Of course, readers of this website will know better than to jump straight into the code and apply optimization recipes: they would run the code through a profiler first. And since we’re dealing with a single procedure, an instrumenting profiler would be of little help, so they would run Sampling Profiler instead, and would get to see something like this:
In this run, only the dwInc case was stressed (line 37), and obviously the procedure spends less than 30% of its time doing what it was asked of, and most of its time (33%) on the “end“, ie. cleaning up, plus 8% setting up in “begin“. That’s 40%+ doing nothing but stack and setup/cleanup work!
The conditional in the loop that could have looked like the most worrying bit is eating a bit less than 20% of the time.

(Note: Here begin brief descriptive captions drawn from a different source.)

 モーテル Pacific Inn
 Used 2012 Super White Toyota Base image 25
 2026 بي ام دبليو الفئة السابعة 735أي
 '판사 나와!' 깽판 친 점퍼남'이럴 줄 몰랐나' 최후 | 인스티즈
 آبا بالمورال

What is the source of all that begin/end work? Place a breakpoint on begin, run and hit Ctrl+Alt+C when your breakpoint is reached, go have a look at the CPU view, and you’ll see this:
This is a fairly significant stack setup for such a small procedure, and those instructions with “fs:” at the bottom are the setting up of an (implicit) exception frame. An exception frame for what? if you haven’t guessed already, navigate your CPU view near the “end” line.

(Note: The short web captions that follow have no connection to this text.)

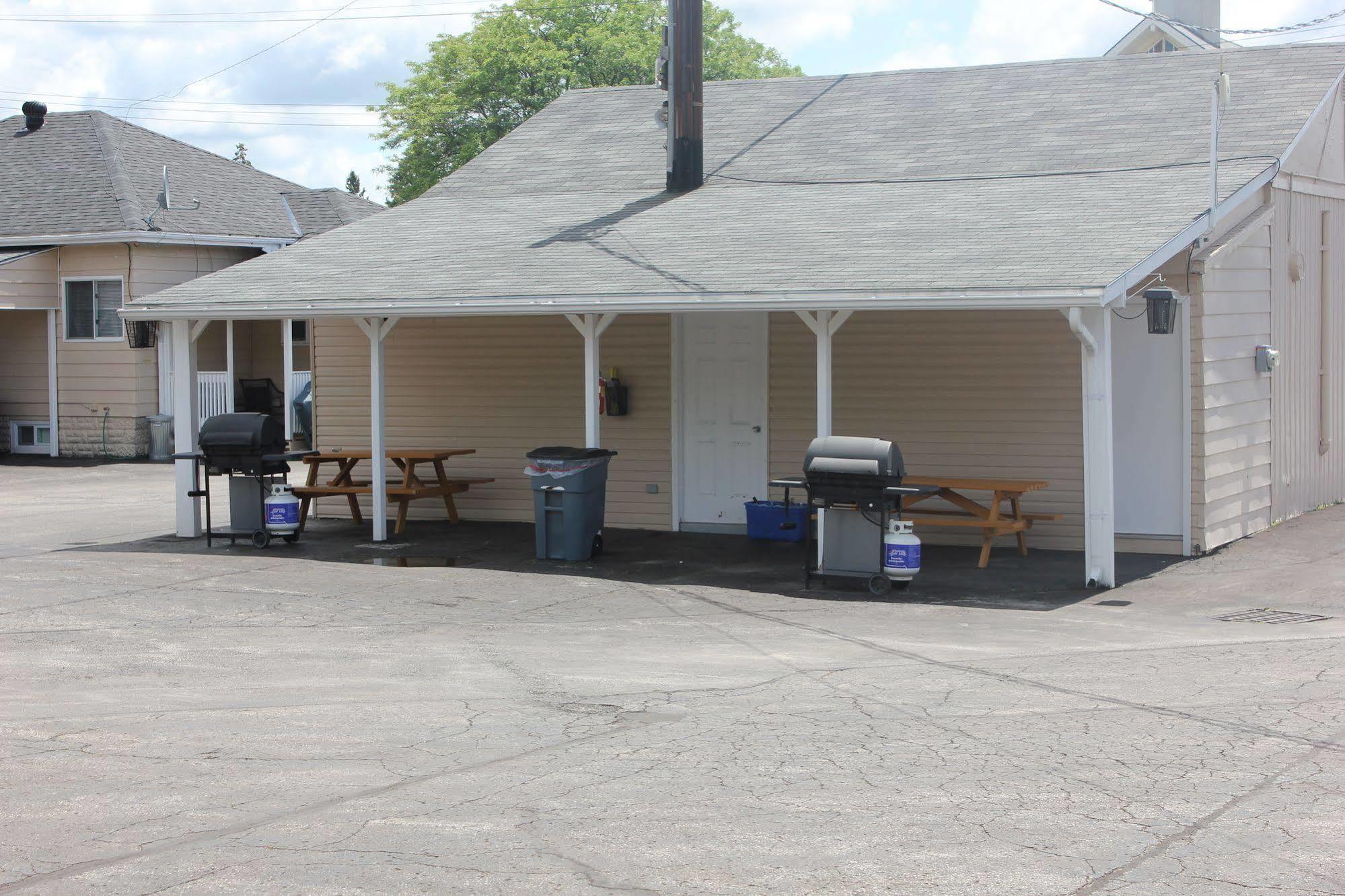 Nights Inn Owen Sound Εξωτερικό φωτογραφία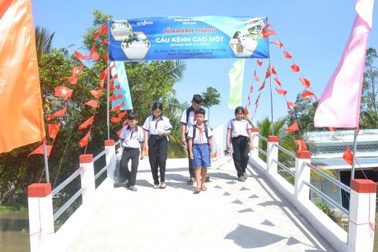 Syngenta trao “nhịp cầu yêu thương”, hỗ trợ nông dân vùng sâu sản xuất, đi lại an toàn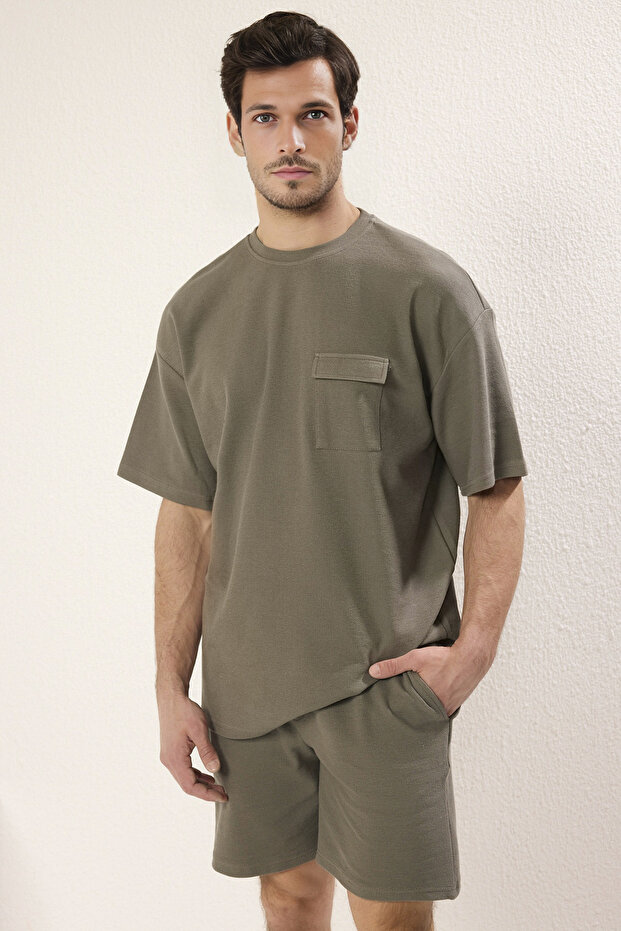 Haki Oversize/Geniş Kesim Dokulu Cep Detaylı Kısa Kol T-shirt TMNSS25TS00061 - 2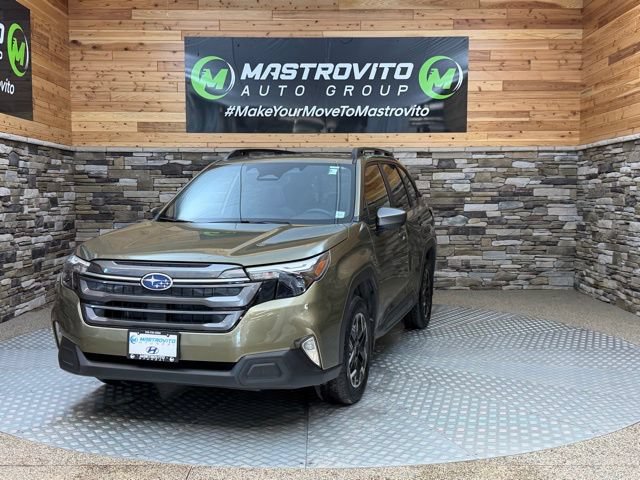 Used 2025 Subaru Forester Premium w/ Convenience Package #1 AWD/4WD image 4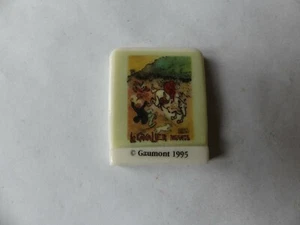 FÈVE ANCIEN  CINEMA GAUMONT AFFICHE CINEMA LE CAVALIER NOVICE 1995 - Picture 1 of 1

No wonder “end” was a bottleneck! The call to UStrArrayClr indicates that the exception frame is here to cleanup several strings… these strings are those of the raise Exception, one is the string returned by GetEnumName, the other is the result of the concatenation passed to Exception.Create.
Isolate and Kill
How to get rid of that exception frame? One typical way is to use “Exception.CreateFmt”, and pass only constant strings to it, but that is not possible here with the call to GetEnumName, which returns a string. The other way is to isolate the exception to its own (nested) procedure:
procedure RaiseUnsupported(what : TDoWhat); begin raise Exception.Create('Unsupported: '+GetEnumName(TypeInfo(TDoWhat), Integer(what))); end;
and call RaiseUnsupported in the “case else“. Doing so will move the exception frame to the new procedure, where it’s irrelevant in terms of performance.

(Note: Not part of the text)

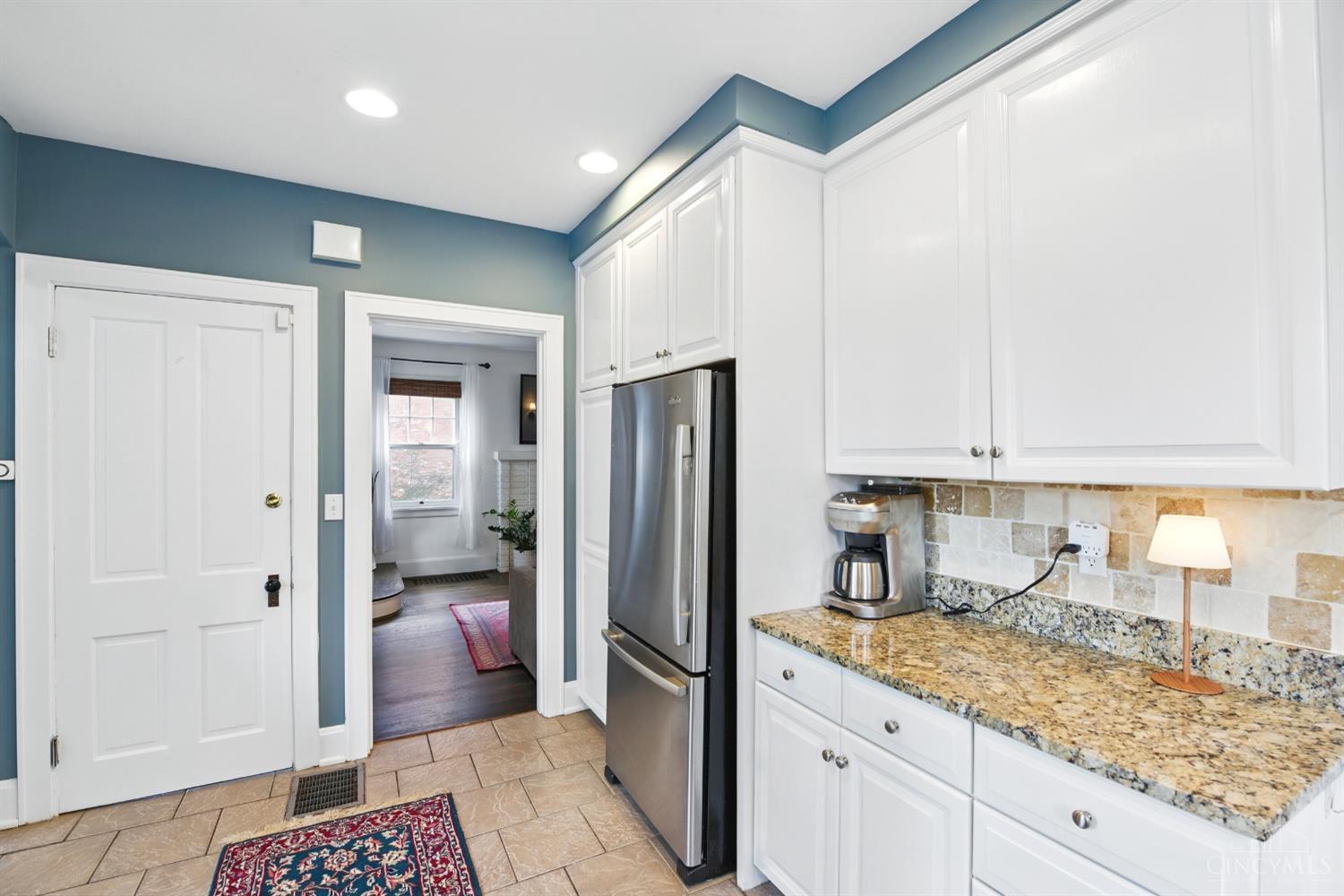 6136 Tulane Road Cincinnati, OH 45212 - Photo 10 of 34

This simple change nets us a 33% speedup, ie. we reclaimed most of the lost time in begin/end! We also gained a bit from the UStrArrayClr, which did essentially nothing since those strings it was used to clear weren’t defined (as long as we did not hit the exception).
Note that if you use a nested procedure for RaiseUnsupported, you can be tempted not to pass it the “what” parameter, but use directly the “what” from its parent procedure. However by doing so, you’ll have the compiler use a special stack setup (so that the nested procedure can access the parent procedure’s variables). This setup will be faster than the exception frame it replaces, but with it, begin/end would still be taking about 18% of the CPU time spent in the procedure.